VIII. Because the word of God ruling by nature onely, is supposed to be nothing else but right reason, and the Laws of Kings can be known by their word only, its manifest that the Laws of God ruling by nature alone, are onely the naturall Lawes; namely those which we have set down in the second and third Chapters, and deduced from the dictates of reason, Humility, Equity, Justice, Mercy, and other Morall vertues befriending Peace, which pertain to the discharge of the duties of men one toward the other, and those which right reason shall dictate besides, concerning the honour and worship of the Divine Majesty. We need not repeat what those Naturall Laws, or Morall vertues are; but we must see what honours, and what divine worship, that is to say, what sacred Lawes, the same naturall reason doth dictate.
IX. Honour, to speak properly, is nothing else but an opinion of anothers Power joyned with goodnesse; and to honour a man, is the same with highly esteeming him, and so honour is not in the Party honoured, but in the honourer. Now three Passions do necessarily follow honour thus placed in opinion; Love, which referres to goodnesse; hope, and feare, which regard Power. And from these arise all outward actions, wherewith the powerfull are appeased, and become Propitious, and which are the effects, and therefore also the naturall signes of honour it selfe. But the word honour is transferred also to those outward effects of honour, in which sense, we are said to honour him, of whose power we testifie our selves, either in word, or deed, to have a very great respect; insomuch as honour is the same with worship. Now WORSHIP is an outward act, the sign of inward honour. and whom we endeavour by our homage to appease, if they be, angry or howsoever to make them favourable to us, we are said to worship.
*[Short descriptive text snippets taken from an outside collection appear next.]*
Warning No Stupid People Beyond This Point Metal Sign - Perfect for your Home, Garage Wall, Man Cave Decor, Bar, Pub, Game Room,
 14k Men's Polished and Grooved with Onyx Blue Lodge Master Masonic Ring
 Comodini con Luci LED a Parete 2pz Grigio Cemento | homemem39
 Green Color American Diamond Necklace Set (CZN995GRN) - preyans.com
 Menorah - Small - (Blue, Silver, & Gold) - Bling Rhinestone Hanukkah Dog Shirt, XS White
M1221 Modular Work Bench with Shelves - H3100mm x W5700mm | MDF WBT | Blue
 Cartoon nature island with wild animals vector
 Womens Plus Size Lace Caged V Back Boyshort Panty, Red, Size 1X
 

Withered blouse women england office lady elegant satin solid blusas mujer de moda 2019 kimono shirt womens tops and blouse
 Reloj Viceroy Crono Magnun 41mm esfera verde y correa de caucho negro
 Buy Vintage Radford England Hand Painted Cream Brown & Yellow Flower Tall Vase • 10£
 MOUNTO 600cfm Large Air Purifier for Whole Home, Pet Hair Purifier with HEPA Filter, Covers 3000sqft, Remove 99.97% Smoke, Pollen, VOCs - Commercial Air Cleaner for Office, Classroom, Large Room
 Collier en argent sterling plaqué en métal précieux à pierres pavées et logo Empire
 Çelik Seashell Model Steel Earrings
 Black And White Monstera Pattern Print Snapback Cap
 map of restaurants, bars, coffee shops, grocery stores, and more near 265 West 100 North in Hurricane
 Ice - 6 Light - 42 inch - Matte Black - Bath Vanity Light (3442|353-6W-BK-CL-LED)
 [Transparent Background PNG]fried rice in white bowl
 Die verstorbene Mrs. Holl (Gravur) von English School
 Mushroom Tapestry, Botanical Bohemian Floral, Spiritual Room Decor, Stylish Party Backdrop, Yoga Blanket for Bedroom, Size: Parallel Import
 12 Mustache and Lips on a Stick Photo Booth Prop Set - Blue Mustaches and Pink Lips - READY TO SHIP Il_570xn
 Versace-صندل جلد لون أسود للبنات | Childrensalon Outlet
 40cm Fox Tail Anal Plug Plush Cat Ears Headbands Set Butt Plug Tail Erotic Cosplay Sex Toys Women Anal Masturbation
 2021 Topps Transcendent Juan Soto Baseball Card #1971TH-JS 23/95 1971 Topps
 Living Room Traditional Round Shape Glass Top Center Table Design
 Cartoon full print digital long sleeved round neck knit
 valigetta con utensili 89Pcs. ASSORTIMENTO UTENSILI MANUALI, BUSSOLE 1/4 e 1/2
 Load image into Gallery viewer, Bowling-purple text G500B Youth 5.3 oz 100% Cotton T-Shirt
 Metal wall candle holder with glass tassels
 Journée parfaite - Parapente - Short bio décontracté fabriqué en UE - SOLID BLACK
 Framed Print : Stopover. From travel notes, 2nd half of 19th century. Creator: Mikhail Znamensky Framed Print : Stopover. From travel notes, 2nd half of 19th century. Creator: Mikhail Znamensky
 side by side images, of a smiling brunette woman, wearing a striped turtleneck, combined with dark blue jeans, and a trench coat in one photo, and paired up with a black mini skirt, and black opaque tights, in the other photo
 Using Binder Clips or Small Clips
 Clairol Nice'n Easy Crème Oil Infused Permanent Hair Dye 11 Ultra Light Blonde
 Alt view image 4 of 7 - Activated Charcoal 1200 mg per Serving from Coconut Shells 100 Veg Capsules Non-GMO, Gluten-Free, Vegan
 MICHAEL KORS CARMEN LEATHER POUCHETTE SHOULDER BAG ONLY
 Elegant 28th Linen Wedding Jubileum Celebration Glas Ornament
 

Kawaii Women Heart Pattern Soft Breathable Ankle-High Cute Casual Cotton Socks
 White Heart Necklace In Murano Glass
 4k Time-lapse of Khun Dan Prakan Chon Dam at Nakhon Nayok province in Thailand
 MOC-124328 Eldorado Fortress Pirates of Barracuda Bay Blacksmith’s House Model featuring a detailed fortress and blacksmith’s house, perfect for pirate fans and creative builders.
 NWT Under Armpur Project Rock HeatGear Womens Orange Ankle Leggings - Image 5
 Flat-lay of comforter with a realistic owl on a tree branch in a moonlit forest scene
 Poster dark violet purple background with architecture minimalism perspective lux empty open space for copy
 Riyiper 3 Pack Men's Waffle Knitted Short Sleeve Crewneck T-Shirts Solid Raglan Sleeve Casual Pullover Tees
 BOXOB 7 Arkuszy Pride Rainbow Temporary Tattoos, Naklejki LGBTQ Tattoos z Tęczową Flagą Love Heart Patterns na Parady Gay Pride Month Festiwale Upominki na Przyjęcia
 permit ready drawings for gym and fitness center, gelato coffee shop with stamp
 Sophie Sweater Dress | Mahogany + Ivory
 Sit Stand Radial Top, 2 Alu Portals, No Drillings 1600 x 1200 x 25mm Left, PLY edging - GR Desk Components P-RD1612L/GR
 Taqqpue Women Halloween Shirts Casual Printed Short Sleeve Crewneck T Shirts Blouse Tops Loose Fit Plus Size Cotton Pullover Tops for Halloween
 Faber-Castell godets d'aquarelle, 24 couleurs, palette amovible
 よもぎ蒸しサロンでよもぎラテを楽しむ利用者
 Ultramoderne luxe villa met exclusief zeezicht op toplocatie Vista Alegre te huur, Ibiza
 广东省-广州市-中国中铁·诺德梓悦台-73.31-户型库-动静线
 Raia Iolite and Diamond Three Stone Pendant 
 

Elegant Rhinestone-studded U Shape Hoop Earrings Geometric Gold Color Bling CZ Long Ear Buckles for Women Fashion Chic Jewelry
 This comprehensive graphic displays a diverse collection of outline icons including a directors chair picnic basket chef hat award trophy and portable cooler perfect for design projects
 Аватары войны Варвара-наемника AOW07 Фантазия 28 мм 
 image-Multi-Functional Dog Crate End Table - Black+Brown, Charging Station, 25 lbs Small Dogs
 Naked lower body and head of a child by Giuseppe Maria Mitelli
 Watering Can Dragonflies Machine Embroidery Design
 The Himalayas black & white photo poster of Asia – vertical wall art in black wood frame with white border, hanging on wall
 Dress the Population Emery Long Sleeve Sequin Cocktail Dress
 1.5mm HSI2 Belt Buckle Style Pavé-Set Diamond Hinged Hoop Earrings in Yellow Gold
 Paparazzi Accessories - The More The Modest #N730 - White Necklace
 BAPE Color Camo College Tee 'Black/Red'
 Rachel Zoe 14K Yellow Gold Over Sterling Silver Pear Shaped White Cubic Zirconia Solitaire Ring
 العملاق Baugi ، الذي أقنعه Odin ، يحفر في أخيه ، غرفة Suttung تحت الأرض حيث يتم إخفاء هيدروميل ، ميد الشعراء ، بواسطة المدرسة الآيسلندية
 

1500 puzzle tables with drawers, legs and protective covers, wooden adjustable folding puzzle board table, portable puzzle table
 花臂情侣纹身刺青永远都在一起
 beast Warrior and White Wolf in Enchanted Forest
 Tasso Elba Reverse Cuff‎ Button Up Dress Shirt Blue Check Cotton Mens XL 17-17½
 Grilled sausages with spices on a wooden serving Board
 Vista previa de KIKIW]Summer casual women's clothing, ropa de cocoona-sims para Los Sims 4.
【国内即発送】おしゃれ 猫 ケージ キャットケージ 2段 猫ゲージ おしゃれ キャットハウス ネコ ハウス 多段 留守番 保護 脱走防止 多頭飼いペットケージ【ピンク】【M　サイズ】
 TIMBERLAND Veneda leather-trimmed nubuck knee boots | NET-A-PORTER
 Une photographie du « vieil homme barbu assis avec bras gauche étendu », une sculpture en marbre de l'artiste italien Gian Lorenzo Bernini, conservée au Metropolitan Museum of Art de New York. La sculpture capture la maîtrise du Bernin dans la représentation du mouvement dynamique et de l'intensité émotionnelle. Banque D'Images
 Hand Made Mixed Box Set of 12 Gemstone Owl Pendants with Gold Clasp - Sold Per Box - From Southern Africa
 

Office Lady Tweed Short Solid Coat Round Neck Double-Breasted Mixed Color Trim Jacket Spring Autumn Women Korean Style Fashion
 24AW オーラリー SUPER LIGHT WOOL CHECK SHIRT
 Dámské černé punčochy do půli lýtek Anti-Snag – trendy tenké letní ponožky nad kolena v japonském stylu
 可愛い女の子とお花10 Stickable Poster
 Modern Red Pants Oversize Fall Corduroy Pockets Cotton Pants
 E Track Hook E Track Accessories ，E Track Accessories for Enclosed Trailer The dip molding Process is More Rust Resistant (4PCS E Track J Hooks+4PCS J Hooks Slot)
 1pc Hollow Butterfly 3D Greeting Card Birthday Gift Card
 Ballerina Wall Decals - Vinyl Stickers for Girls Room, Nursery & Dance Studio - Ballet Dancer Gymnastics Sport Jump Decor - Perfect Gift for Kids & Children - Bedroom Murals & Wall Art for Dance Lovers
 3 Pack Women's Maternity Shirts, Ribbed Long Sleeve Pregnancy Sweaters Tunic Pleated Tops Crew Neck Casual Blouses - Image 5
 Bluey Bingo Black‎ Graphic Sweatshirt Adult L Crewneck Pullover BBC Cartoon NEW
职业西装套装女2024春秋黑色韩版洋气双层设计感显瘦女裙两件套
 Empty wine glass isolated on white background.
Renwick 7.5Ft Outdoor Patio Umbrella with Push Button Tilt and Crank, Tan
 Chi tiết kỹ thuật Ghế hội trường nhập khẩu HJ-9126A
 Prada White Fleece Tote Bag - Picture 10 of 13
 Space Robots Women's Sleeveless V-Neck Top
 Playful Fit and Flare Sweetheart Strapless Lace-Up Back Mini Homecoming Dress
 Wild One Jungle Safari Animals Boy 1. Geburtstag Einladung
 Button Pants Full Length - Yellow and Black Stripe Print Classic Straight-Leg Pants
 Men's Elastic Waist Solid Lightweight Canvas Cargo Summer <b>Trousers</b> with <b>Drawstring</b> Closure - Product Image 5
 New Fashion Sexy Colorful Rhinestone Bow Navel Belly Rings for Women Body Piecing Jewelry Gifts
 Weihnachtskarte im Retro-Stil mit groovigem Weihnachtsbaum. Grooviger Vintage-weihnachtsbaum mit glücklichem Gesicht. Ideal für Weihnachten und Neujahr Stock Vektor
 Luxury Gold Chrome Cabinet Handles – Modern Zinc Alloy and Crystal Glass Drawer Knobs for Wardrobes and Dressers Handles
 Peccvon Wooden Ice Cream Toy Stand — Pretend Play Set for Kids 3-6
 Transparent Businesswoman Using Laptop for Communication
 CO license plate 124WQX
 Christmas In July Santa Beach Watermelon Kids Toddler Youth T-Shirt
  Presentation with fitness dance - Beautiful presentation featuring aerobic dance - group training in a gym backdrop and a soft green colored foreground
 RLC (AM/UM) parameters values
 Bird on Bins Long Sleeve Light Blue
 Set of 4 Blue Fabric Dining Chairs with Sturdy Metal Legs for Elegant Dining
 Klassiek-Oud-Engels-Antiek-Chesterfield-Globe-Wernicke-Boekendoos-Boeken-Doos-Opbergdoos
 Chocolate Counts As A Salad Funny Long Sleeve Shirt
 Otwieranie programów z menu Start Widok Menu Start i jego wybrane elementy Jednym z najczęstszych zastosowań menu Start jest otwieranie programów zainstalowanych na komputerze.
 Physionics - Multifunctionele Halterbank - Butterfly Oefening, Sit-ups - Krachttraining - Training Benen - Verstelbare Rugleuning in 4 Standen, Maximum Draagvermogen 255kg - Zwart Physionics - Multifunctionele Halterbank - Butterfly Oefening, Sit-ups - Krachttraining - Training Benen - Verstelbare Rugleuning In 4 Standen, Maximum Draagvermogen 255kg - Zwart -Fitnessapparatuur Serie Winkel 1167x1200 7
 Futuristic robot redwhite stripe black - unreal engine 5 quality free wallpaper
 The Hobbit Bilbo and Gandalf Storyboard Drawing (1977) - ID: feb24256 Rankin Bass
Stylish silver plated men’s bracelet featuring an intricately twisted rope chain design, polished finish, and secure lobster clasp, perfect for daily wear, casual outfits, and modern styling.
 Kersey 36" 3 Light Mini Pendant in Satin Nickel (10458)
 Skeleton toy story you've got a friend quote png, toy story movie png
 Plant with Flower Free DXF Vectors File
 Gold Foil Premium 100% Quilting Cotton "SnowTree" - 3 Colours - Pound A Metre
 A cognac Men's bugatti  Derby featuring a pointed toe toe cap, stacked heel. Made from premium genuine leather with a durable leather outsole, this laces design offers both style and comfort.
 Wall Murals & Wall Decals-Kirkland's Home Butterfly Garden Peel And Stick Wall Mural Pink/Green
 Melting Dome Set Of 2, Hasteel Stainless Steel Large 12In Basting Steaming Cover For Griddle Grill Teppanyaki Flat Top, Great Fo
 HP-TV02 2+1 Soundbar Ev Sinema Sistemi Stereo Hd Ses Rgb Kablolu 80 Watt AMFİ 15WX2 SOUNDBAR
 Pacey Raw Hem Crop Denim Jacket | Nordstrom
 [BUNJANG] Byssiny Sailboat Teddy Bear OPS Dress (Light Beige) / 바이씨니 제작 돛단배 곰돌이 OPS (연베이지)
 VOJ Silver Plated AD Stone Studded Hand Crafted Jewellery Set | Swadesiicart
X. All signes of the mind are either words or deeds, and therefore all worship consists either in words or deeds. Now both the one and the other are referred to three kindes; whereof the first is Praise, or publique declaration of goodnesse; The second, a publique declaration of Present Power, which is to magnify megalunois; The third, is a publique declaration of happinesse, or of Power, secure also for the future, which is called, makariomos. I say, that all kindes of honour may be discerned, not in words only, but in deeds too. But we then praise, and celebrate in words, when we doe it by way of Proposition, or Dogmatically, that is to say by Attributes, or Titles, which may be termed praysing, and celebrating, categorically, and plainly, as when we declare him whom we honour to be liberall, strong, wise; And then, in deeds, when it is done by consequence, or by hypothesis, or supposition, as by Thanksgiving, which supposeth goodnesse; or by Obedience, which supposeth Power. or by Congratulation, which supposeth happinesse;
XI. Now whether we desire to praise a man in words, or deeds, we shall find some things which signify honour with all men, such as among attributes, are the generall words of vertues and powers, which cannot be taken in ill sense, As Good, Faire, Strong, Just, and the like; and among actions, Obedience, Thanksgiving, Prayers, and others of that kinde, by which an acknowledgement of vertue and power is ever understood: Others, which signify honour, but with some, and scorne with others, or else neither; such as in Attributes, are those words which according to the diversity of opinions, are diversly referred to vertues or vices, to honest or dishonest things; As that a man slew his enemy, that he fled, that he is a Philosopher, or an Orator, and the like, which with some are had in honour, with others in contempt. In deeds, such as depend on the custome of the place, or prescriptions of civill Lawes, as in saluting to be bareheaded, to put off the shoes, to bend the body. to petition for any thing, and the like. Now standing, prostrate, kneeling, forms of ceremony, that worship which is alwayes, and by all men accounted honourable, may be called Naturall; the other, which followes places, and customes, Arbitrary.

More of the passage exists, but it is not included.